Bir başka açıdan küreselleşme, ulus devletlerin yönetim yapısı üzerinden tanımlanmaya çalışılacak olursa ortaya dominant bir ifade çıkacaktır. Küreselleşmenin dünya üzerindeki baskın ekonomik ve siyasal kültür üzerinden, ulus devletlere birtakım yönetsel mekanizmaları dayatmakta olduğu veya sahip olunan siyasal ve yönetsel mekanizmanın/anlayışın yapılacak düzenlemelerle bu baskın anlayışa eklemlenmesini öngördüğü ifade edilebilir. Fakat, bu sürecin nitekim her ulus devlet için bu şekilde bir koşulsallık taşıması söz konusu değildir. Çünkü, ulus devletlerin yönetim sistemlerine ilişkin tercihi, kendi iç politikalarında koydukları hedefe ulaşabilmeleri için küresel düzlemde ne gibi ortaklılara veya enstrümanlara ilgi duydukları ile de doğru orantılıdır. Bu nedenle, küreselleşmenin ulus devletlerin yönetim modelleri üzerindeki etkisi aslında ulus devletlerin bu konuda gerçekleştirmek istedikleri şeylerin hangi kaynaklardan besleneceği ile doğru orantılıdır. Bir başka deyişle, küreselleşme salt dayatmacı bir politikayı ifade etmemekte, tercihe göre küreselleşmenin etkileri sınırlanabilmektedir. Türkiye üzerinden bu anlayışı örneklemek gerekirse, yerel yönetim reformları öncelikle yereldeki vatandaşlara daha etkin ve verimli kamu hizmeti sunulabilmesi ve katılımcı demokratik kültürün yaşatılabilmesi için gerçekleştirilen iç politika ürünü bir kararın sonucudur. Fakat, küreselleşmenin artan etkisiyle beraber, reform sürecinin mevcut dünya düzenindeki görece en iyi yerel yönetim sistemlerine benzetilmesi ve eklemlenmesi konusunda Türkiye, kendi coğrafyasını da göz önünde bulundurarak bu konudaki rol model tercihini AB entegrasyonundan yana kullanmıştır. Başta bir ekonomik birlik görünümünde ortaya çıkan AB’nin 20.y.y’ın sonlarında yine küreselleşmenin etkisiyle, ülkelerinin siyasal/yönetsel anlamda bir bütünlüğe doğru yönelmesi Türkiye’yi de etkilemiştir. Türkiye de, kendi yönetsel sisteminin ihtiyaçlarını karşılamak üzere gerçekleştireceği reformu örnek model olan AB müktesebatına ve yerel yönetim sistemine paralel olarak olarak tasarlamayı hem kendi gereksinimlerine hem de çağın modern devlet anlayışının gereklerine uygun bularak bu doğrultuda bir yönetsel reformu uygulamayı seçmiştir.

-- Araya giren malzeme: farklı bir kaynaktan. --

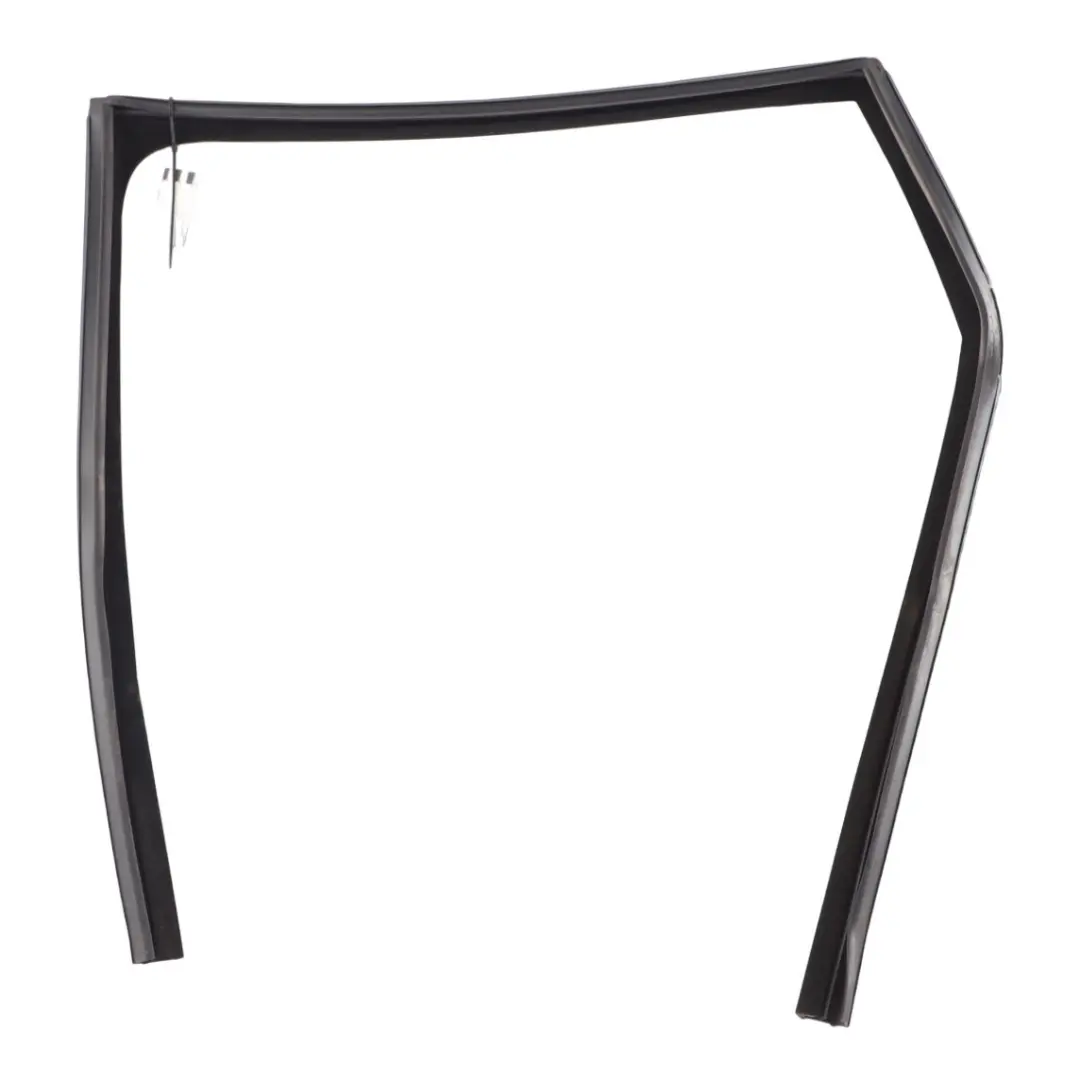 Fensterscheibe Laufschiene Hinten Links für Land Rover Discovery Sport L550 mit Teilenummer LR058556 Land Rover Discovery Sport L550 Fensterscheibe Laufschiene Hinten Links - SKU LR058556 - Teilenummer LR058556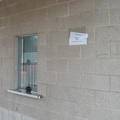 dscn1467
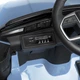 Дитячий електромобіль Bambi Audi e-tron M 4806EBLR-4 Blue (M 4806EBLR) - зображення 5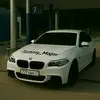 Tommy_Major - @tommy_major - TikTok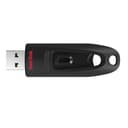 USB Stick SanDisk Ultra 32GB Type-C 3.2 Gen 1 USB Flash Drive thumbnail 2
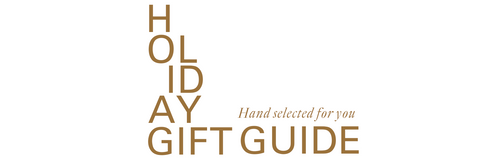 Collection - Gift Guide (Desktop).png__PID:7c2f75f3-c085-4af1-b8b6-9f508ded131e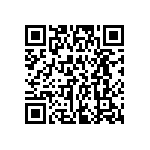 SIT8008BC-12-33E-13-560000D QRCode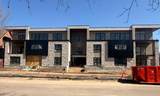 150 Broadway Avenue - Photo 1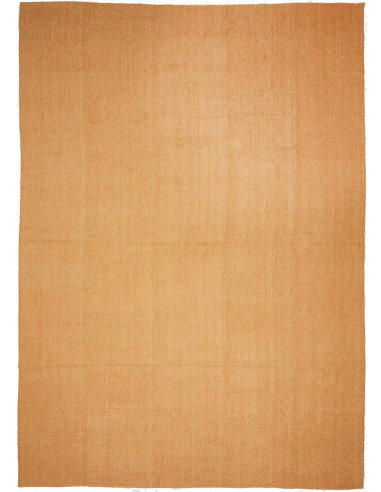Kilim 251x357 Cm Kilim, Persia, Lana Cardata A Mano (ordito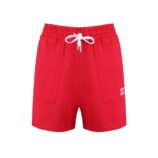 0000256_limited-sports-sweat-shorts_600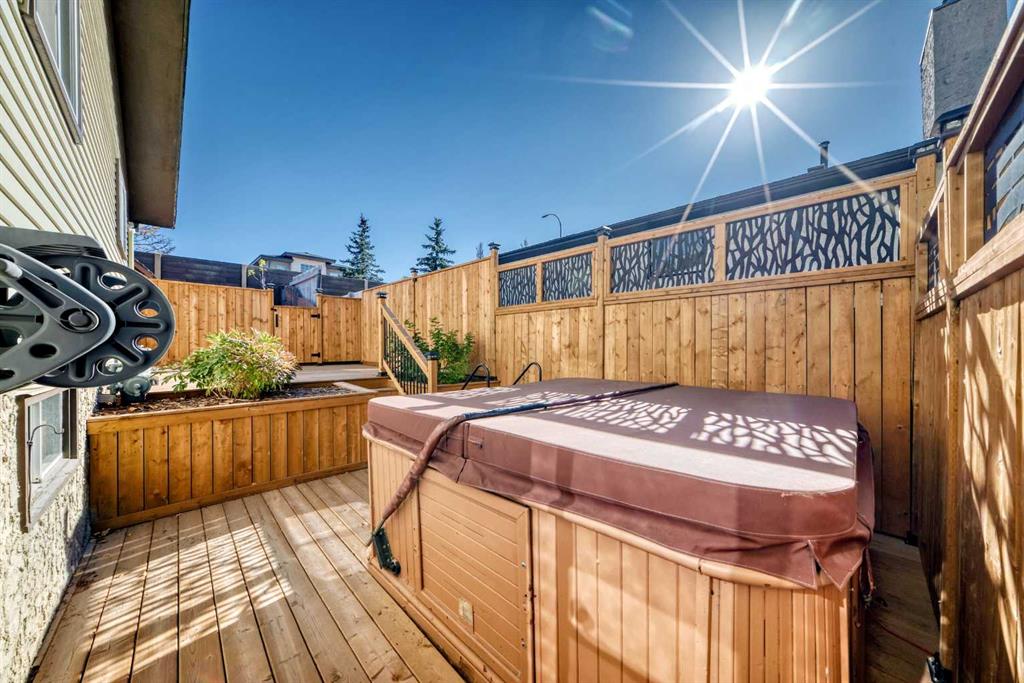 40 Glenpatrick Crescent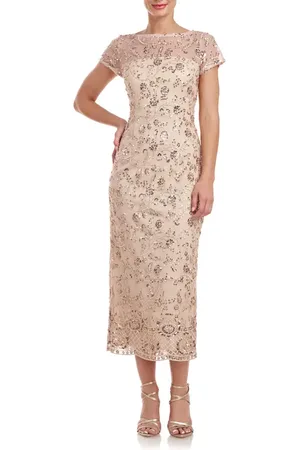 Js Collections Dresses Gowns Women FASHIOLA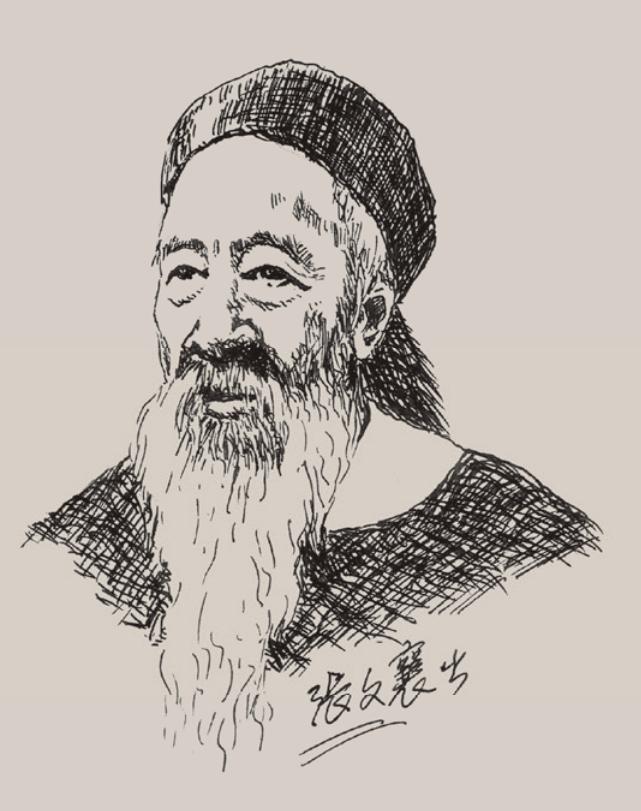 我绘过年主题画可打印,春节特稿100篇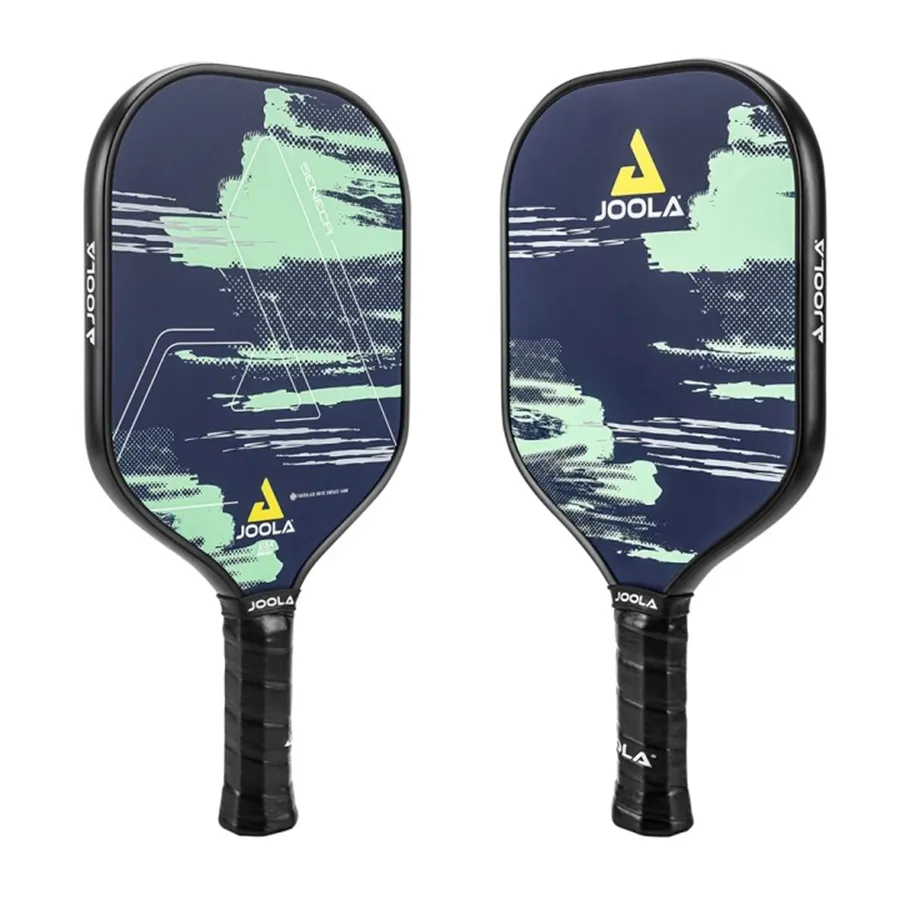 vot pickleball joola seneca fds 14 mau xanh 672d98e665925 08112024115150
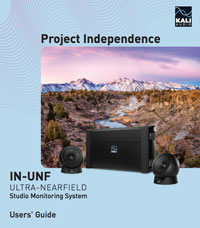 Kali_Audio_IN-UNF_Studio_Monitor_Users_Guide_Feb_8_2023_Latest.pdf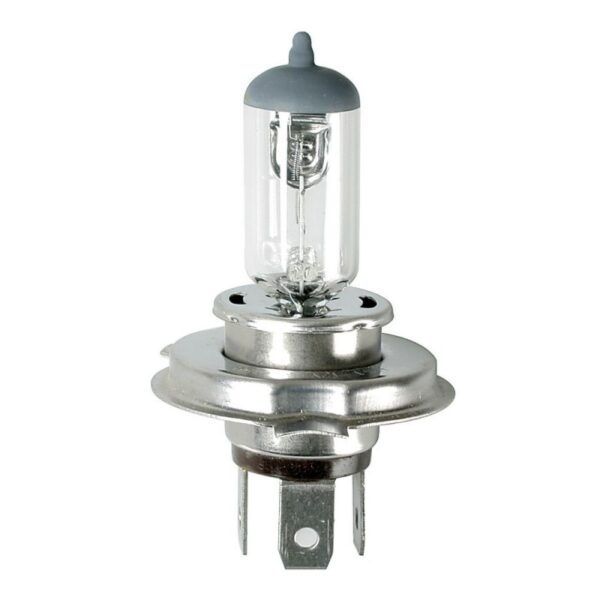 LAMPARA HALOGENA HS1 12V 35/35W P43T - Imagen 5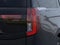 2026 Ford Expedition MAX King Ranch®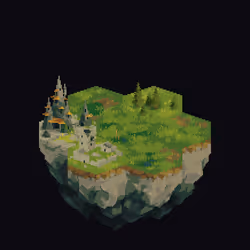 2903139775583837244847725211094280947806078107518816154840248988033619404970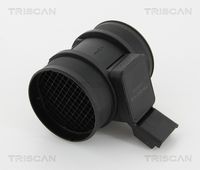 TRISCAN 881228003 - para artículo nr.: 38.618A2<br>Calidad: OE EQUIVALENT<br>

Bu örnek olay üzerinden yapılacak bir başka vurgu da, küreselleşme olgusunun zorunlu eklemlenme sürecinden ziyade aslında dünya toplumlarında karşılıklı bir dayanışma sürecini de yaratmasıdır. Bu anlamda küreselleşme, hem ulus devlete verilen ayrıcalıklı konumun reddini, hem de devlet dışı bir siyasal mekanın kurulmasının barış, güvenlik ve demokrasi gibi çözümlere ihtiyacı olan sorunların giderilmesine yönelik ihtiyacı vurgulamaktadır. Bir diğer anlatımla küreselleşme, devlet egemenliğini sınırlayan demokratik siyasal kurumsal yapıya sahip küresel bir toplumu ve karar alma süreçlerine etki ve katkısı olan küresel sivl toplumsal örgütlenmeyi içermektedir (Tortop ve vd., 2007, s. 594).